Following the changes in structure, the 2022/23 season will see an additional 145 teams taking part in the England Club Championship (ECC) including the return to RFU leagues of 45 teams from Cheshire and Lancashire. The increased number of teams also includes the addition of lower XV teams up to Counties 1 who met entry criteria, approved by RFU Council in November 2021, to join the English Club Championship. The new offering has seen the number of Constituent Bodies who have lower XVs playing in the ECC increase from 9 to 17.  

Stephen Pearson, RFU Council Member and Future Competition Structure (FCS) Group chair, said: “We are excited by the potential of these changes which put player welfare and player experience at the centre of decision-making, making sure travel requirements are appropriate and that clubs continue to be sustainable.  
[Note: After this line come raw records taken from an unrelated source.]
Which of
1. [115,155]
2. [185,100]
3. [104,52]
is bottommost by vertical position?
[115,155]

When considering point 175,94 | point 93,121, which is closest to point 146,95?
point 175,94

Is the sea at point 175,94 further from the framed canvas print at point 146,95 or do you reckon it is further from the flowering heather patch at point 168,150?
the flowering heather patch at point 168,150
“In general, rugby is in good shape, with strong participation at minis and junior level, which has bounced back well post Covid. That is an important part of clubs’ sustainability. We’re also seeing huge growth in the women’s and girls’ game year-on-year, which will be driven forward again by this autumn’s World Cup and the RWC 2025 in England.  

“However, we need to recognise there are challenges, particularly in the adult men’s competition. We’ve seen a trend towards a greater number of players being required to complete a first team fixture list, which sucks players up from the lower teams and impacts on the number of sides a club can put out. We've sought to declutter the season, so it's more accessible to a player to play in short batches, for example four games of league rugby, followed by a break weekend.  
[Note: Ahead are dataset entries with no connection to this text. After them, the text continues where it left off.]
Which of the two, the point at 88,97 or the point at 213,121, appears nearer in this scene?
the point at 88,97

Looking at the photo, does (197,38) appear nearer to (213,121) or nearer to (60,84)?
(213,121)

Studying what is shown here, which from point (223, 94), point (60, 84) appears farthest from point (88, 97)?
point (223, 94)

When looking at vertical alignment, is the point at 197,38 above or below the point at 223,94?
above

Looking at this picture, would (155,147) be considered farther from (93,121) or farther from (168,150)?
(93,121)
“By putting the new, optional cup competition at the end of the season, teams will still have something to play for. This coupled with the potential to play in a Community Game Finals day at a prestigious venue is a dream of many players. 

“Alongside those playing and coaching the game, we have worked closely with Council Members representing the community game and CBs and Organising Committees who have a detailed understanding of their local rugby environments. Changes of this size and significance cannot be made in isolation from the centre. It has been hugely important to listen to and respect local knowledge while creating the blueprint for the new structure. It has been a long process and this collaboration has been appreciated by all involved. We thank everyone who has shared their time and expertise to create what we believe is a safe, fair, inclusive league structure that will attract more players to the men’s game. 

“We acknowledge there will be some anomalies when it comes to travel in the first season, but this will settle down over time and we will look to work with those clubs and see how they can be supported. The majority however will see reduced travel.

“Recommendations include for there be a rapid review of specific aspects of the competitions. Changes of this magnitude will inevitably take time to settle in. We will be monitoring the effects and formally reviewing the outcomes within a three-year time frame, while local changes are always possible within the normal seasonal competitions management process.” 

Community Game Board (CGB) chair, David Roberts, added: “The review was commissioned by the CGB pre-Covid because we recognised the need to evolve the competition structure to ensure the adult men’s game at community level remains relevant and popular. If anything, Covid has re-emphasised the need for these changes, respecting the core principles which have been put in place. The fundamental aim is to create a positive structure that works for players of today and the future, to increase playing numbers.”